そして近赤外領域の吸収バンドは一般的な赤外領域の吸収バンドに比べて遥かに損失されにくいので、光路長数mmのガラスセルまたは石英セルが使用されており、例えば、モモの果汁について光路長2mmのセルを使用してモモの渋味を判別する方法が検討されている(非特許文献1を参照)。そして、試料水溶液に含まれている試料成分の濃度が高い場合には、光路長1mmのセルを使用しても吸光度を充分に観測することができる。
そのほか、試料水溶液に向けて近赤外線を照射し、その反射光を受光して近赤外線分析光度計へ導くための近赤外ファイバープローブを使用することが可能であり、そのようなプローブは市販されている(サーモフィッシャー・サイエンティフィック株式会社、商品名:SabIR近赤外ファイバープローブ)。
園学研6(1):137−143,2007
上記のような近赤外ファイバープローブは極めて高価であるから、大抵の場合には試料水溶液の測定用容器として、例えば光路長が1mmとなる内法1mmの角筒型ガラスセルを使用して、透過光の吸光度が測定される。然しながら、光路長1mmの角筒型ガラスセルはかなり高価であるから使い捨てにすることはできない。そうだとしても、このような細い角筒型ガラスセルを洗滌して繰り返して使用することはかなり面倒な作業であり、かつ人手を要する作業である。人手による洗滌に換えて自動洗滌機を導入することも考えられるが、経費を要し測定コストを上昇させる。また、プラスチックスのセルは近赤外領域に吸吸を持っているので近赤外外領域に吸収を持たないガラスセルの代替として採用することできない。そのほか、内法1mmの角筒型ガラスセルは高粘度の試料水溶液を収容することが困難であるという問題もある。

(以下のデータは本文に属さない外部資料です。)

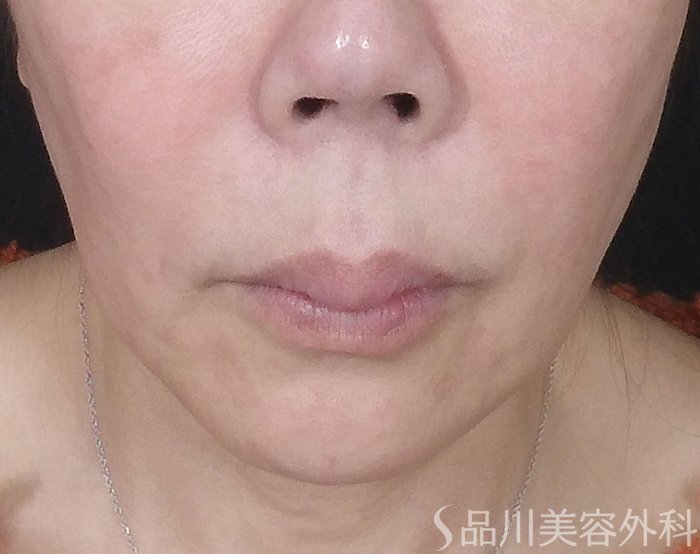 症例NO.69891のBEFORE写真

本発明は上記の課題に鑑みてなされたものであり、その第1の目的は、試料水溶液を収容するための開口面積が大で洗滌が容易であり、測定コストを上昇させない近赤外線分光分析用のガラス容器による分析用具を提供することにある。そして第2の目的は、上記のような分析用具を使用する近赤外線分光分析方法を提供することにある。
上記の目的を達成するための本発明の請求項1の近赤外線分光分析用の分析用具は、測定試料を試料台上へ水平に載置し、測定試料の下方に配置した発光部から被測定試料に向けて近赤外線を照射する時に、測定試料への入射点上に立つ法線に対し所定の入射角度で入射する近赤外線が、入射点から入射角度と同じ角度で入射光とは反対方向に反射する正反射光を受光する位置に受光部が配置されている測定系によって試料水溶液を近赤外線分光分析する場合の分析用具であって、試料水溶液を収容するガラス容器を試料台へ載置した時に、ガラス容器の底面による正反射光が受光部で受光されないようにするための水平でない底面を有するガラス容器と、ガラス容器に収容した試料水溶液中における近赤外線の光路長を設定するための試料水溶液中に沈める金属製反射体とからなることを特徴とする分析用具である。

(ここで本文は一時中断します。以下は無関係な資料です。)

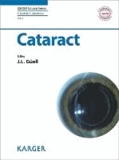 Cataract.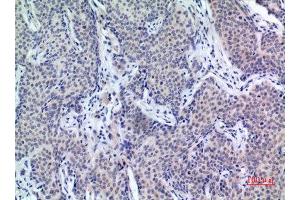 Immunohistochemistry (IHC) analysis of paraffin-embedded Human Mammary Cancer, antibody was diluted at 1:100. (PDGFD 抗体  (C-Term))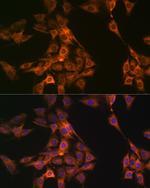 NAP1L1 Antibody in Immunocytochemistry (ICC/IF)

このような近赤外線分光分析用の分析用具は、試料水溶液を収容するガラス容器の底面が水平でないので、発光部から照射される近赤外線のガラス容器の底面による正反射光は受光部で受光されず、ガラス容器の底面を吸収されることなく透過し、試料水溶液をその特性に応じて吸光されて透過し、試料水溶液中に沈めた金属製反射体の反射面で反射され、再び試料水溶液を透過しガラス容器の底面を透過した透過光が受光部に受光されて、所定の光路長とした試料水溶液による近赤外線の吸光度を測定することができ、正確な近赤外線分光分析が可能である。
請求項2の近赤外線分光分析用の分析用具は、請求項1の近赤外線分光分析用の分析用具において、水平でない底面を有するガラス容器が、底面を下方へ凸の半球状とした内径2〜5mm程度の円筒状ガラス容器であり、金属製反射体がほぼ直立させた円筒状ガラス容器の内底面に当接した状態でほぼ水平な反射面を与える柱状物または筒状物であることを特徴とする分析用具である。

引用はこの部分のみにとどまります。